# the journey to get paxton



## dr.jaimie (Mar 23, 2004)

So everything started fine, we were making great time. Karen(the p's aunty) were going to be an hour early until we hit the Dallas cowboy game traffic. then it was crunch time. May Ann called to say she was at the airport and having a difficult time finding the building Paxton was to arrive at. So as we sat in traffic, Mary Ann was so kind to go on a hunt for this Delta Cargo building. We arrived at the airport and went to the wrong place and then Mary Ann finally found the building (poor signage at this airport) and we me her there. Here is a pic of Mary Ann, Coco and I:
[attachment=28170:maryann.jpg]

They finally brought out Paxton and she was so happy to see us..not scared at all. Her carrier was clean...i was so proud she held it on her journey. I put down a potty pad at the cargo place and Paxton took off running and we had to chase her! So i guess she didnt have to go LOL. Here is a pic of Karen and I before we left the airport:
[attachment=28171:jkp.jpg] 

Mary Ann was such a sweet woman..look forward to meeting her again. She was so helpful..without her I dont know if we would have found Paxton. And Coco was even more adorable in person!

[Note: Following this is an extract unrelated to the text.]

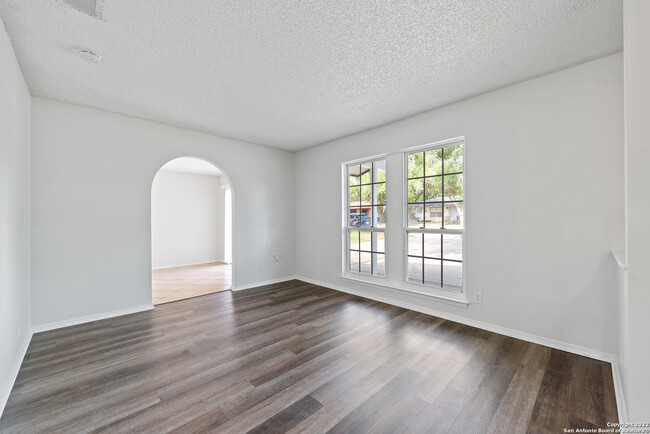 Building Photo - 4851 Castle Arms Dr
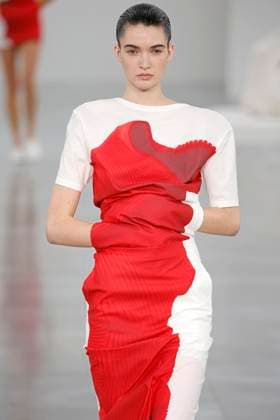 Issey Miyake, Ready to Wear Fall Winter 2025 - Paris, March 2025 Issey Miyake, Ready to Wear Fall Winter 2025 - Paris, March 2025, Credit:Zeppelin Avalon  Copyright: xZeppelinx xAvalonx 0973485179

so there we go to leave back home and we stop for some gas. I was pumping the tank and the nozzle kept clicking like it was full and i hadnt put in any yet. so i backed it out a little and gasoline spewed toward me and flooded my left leg on my jeans. I was not happy and no way could we drive 3 hours with that smell. so i doused my leg with water and we headed out to find a store to get a pair of pants. Somehow this whole process delayed us 2 hrs from leaving i dont know how. But i stopped into a sporting goods store and bought my pants and changed in the bathroom and even doused my leg in hand santizer. the smell seemed to be gone! whew! 
And this is why we were so late in getting home. That was the trip. When we got home pixel established she was the boss and Paxton accepted this so everyone was happy. Then they both tried to play all night. All three had a butt sniffin train going a few times..it was cute to see. Paxton slept like a baby in the bed...all 3 malts. it was wonderful. I tried to have her sleep in the crate but after 5 min she got her mouth stuck in the bars so i felt bad :brownbag: 

Today all 3 came to work and Paxton fit right in. She stayed up front just like Park and Pix...they slept all day and everyone was inlove :wub:


----------



## dr.jaimie (Mar 23, 2004)

and here are some more pics of Paxton 

[attachment=28172AXTONNJOE.jpg]

[attachment=28173:1.jpg]

[attachment=28174:2.jpg]


----------



## dr.jaimie (Mar 23, 2004)

[attachment=28175:3.jpg]


----------



## Krystal (Feb 3, 2007)

What a journey!!! Such a memorable experience to pick up your final P!! Paxton is just a beauty!!! I cant wait to see pics of the 3 P's!!!


----------



## wooflife (Aug 8, 2007)

Awwww--- so excited to see the pictures of the new P. She's adorable it was so nice of Maryann to come and meet you and help find her. I'm glad everyone is doing well and that little Paxton is fitting right in. 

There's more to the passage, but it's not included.